Tuesday, January 24, 2012

Problems with PDFbox Extension in Greenstone 2.85

The new features document for 2.85 indicates that there is significant improvement in the PDFbox extension which is usually an add-in to the Apache web server.

When you run Greenstone it pops up a message box noting the PDFbox extension has not been installed and listing a URL for the greenstone developer's TRAC site.

Problem #1

The files referenced by the URL in the box and on the developer's blog are not valid archive files. Both the .zip file and the .gz file are 8kb in size instead of the expect 9mb and cannot be opened in an archive manager. So you cannot get the latest version. Searching the TRAC site is a lesson in frustration.

I tried packaging the source files from the TRUNK and adding them manually to the greenstone\ext folder but when launching the GLI it fails to load until they are removed. Next i looked at the pdfbox project page but their files don't seem compatible. So i decided to use the an older version.

Problem #2

Finding an old version was a bit of work but i managed to find a link in the TRAC site and to download the .zip (9mb) and to extract the files to the greenstone\ext folder. Ran the GLI and configured the PDFplugin to use the PDFbox  extension. Created a new collection and imported a bunch of small PDF files. Only 2 got imported as the others were rejected. The problem was a 'writable error'. I checked the pdf-box folder in greenstone\gli and it was marked as read-only so i reset the permissions for the folder and its contents and re-ran the GLI and the import. This time it looked liked the files were imported but the PDFbox failed with a java error. The workaround was to untick the pdfbox checkbox in the pdfplugin. Now all the pdf's were imported ok but none of the enhanced features offered by pdfbox were available.

After wasting a morning chasing this problem down I had to advise the students NOT to use pdfbox but to go back to the old workarounds of converting their PDF files to older 1.4 versions. A big disappointment!

Wednesday, January 11, 2012

Installing Greenstone 2.85 on Windows 7

Do Not Install Greenstone 2.85 as Administrator in Window 7 Ultimate 32-bit

I removed greenstone 2.84 from my machine in prep for the new version. The old version had worked fine and had been installed as admin to c:\program files\greenstone. I also got another laptop over xmas for testing win stuff so i installed 2.85 to that. It runs Windows 7 Home Premium 64 bit (argh why so many versions?) and the install was straightforward and ended up in c:\program files\greenstone so i didn't anticpate any problems.



Ran Greenstone-2.85-windows.exe as Administrator and it installed OK to c:\progam files\greenstone but when I ran the GLI and the following error message was returned:

Cannot initialize Network (reason WSASYSNOTREADY)

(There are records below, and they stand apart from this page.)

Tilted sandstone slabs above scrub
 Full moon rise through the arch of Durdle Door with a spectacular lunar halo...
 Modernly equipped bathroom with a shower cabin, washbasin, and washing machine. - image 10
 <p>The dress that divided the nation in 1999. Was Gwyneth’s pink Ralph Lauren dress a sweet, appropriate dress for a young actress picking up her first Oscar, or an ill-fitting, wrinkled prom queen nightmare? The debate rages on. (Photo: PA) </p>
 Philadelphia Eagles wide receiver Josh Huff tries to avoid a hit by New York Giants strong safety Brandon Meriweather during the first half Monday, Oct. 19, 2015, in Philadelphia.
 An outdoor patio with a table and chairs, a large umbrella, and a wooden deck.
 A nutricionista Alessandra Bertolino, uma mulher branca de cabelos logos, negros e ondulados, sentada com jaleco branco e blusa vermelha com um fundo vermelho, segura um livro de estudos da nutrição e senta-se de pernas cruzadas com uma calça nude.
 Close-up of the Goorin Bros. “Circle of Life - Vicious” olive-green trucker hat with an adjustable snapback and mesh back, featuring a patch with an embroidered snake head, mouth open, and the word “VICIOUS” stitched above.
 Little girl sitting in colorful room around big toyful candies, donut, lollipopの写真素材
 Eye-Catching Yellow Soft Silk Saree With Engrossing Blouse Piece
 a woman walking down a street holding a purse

So we shut down greenstone and removed the software and tried the install again with the same result. We shut it down and then checked to see if anything was conflicting with it's web server. We opened a terminal window and ran netstat:


C:\Users\gnickers>netstat -an |find /i "Listening"
  TCP    0.0.0.0:135            0.0.0.0:0
  TCP    0.0.0.0:445            0.0.0.0:0
  TCP    0.0.0.0:3390           0.0.0.0:0
  TCP    0.0.0.0:5357           0.0.0.0:0
  TCP    0.0.0.0:17500          0.0.0.0:0
  TCP    0.0.0.0:34378          0.0.0.0:0
  TCP    0.0.0.0:49152          0.0.0.0:0
  TCP    0.0.0.0:49153          0.0.0.0:0
  TCP    0.0.0.0:49154          0.0.0.0:0
  TCP    0.0.0.0:49155          0.0.0.0:0
  TCP    0.0.0.0:49156          0.0.0.0:0
  TCP    127.0.0.1:80           0.0.0.0:0




And oddly enough there were 2 instances of a web server running on port 80. We ran a ports check cports using  and found two processes listed but when we went to kill them in the windows task manager they were not there!   Looks like greenstone did not clean up after itself!


Only a hard reset got rid of them. We next did an install of Greenstone but not as the administrator and this installed the program to users\gnickers\greenstone and it ran fine. We shut it down and checked the active ports with netstat and the httpd instance had shut down correctly. 


So the change is that unlike 2.84 the new version cannot be installed using admin privileges (which makes sense). Would have be nice to put this in the release notes.


Those who are installing greenstone for the first time may also run into the problem of some other program using port 80 which is the standard port for web traffic. Older versions of Skype were bad for doing this. 


To check type cmd in the start text box and press ENTER. The run netstat using the above syntax. The cports program (search on Google) provides more info that netstat but you must run it as admin. If you have Skype using port 80 set your skype options in the Connection tab to use a different port such as 34378 or something. A list of ports is available on Wikipedia and other sources.

The other solution is to install Greenstone and then select Start >  Programs > Greenstone 2.85 > Greenstone Server and select File, Settings from the menu. Now change the Port Number from 80 to something like 8080  or some other port not in use.